In announcing his candidacy last June, Iranian-born economist Farid A. Khavari, a Democratic candidate for governor of Florida, became the first candidate for public office to seriously promote the idea of a state-owned bank since the Great Depression when Minnesota’s radical Farmer-Labor Party — a party that held the governorship for eight consecutive years during the 1930's— included such a plank in its platform.

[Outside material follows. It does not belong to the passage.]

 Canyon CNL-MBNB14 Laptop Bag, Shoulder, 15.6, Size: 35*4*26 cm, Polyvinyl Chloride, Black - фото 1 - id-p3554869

Modeled after the powerful Non-Partisan League’s state-owned bank in North Dakota, the brainchild of failed farmer and ex-Socialist Party organizer Arthur C. Townley — a salty character who chewed on cellophane-wrapped cigars and is widely-credited with making his bank a reality in 1919 — the Farmer-Labor Party was never able to enact a similar state bank in neighboring Minnesota, even at the crest of its power.

While there have been sporadic attempts to popularize the concept of a state-owned bank in the years since the depression — Lane County Commissioner Jerry Rust briefly tried to make it a major issue during his 1982 campaign for governor of Oregon — the idea has usually found little support at the ballot box.

The 67-year-old Khavari, who holds a Ph.D. in economics from the University of Bremen, first seized on the idea of a state-owned bank in the spring of 2008 while writing Towards a Zero-Cost Economy — his ninth book. Anticipating the devastating financial meltdown that brought the country to its knees later that year — a crisis that he frankly didn’t think would happen for another twenty-four to thirty-six months — the economist-turned-politician began formulating his idea for a publicly-owned state bank.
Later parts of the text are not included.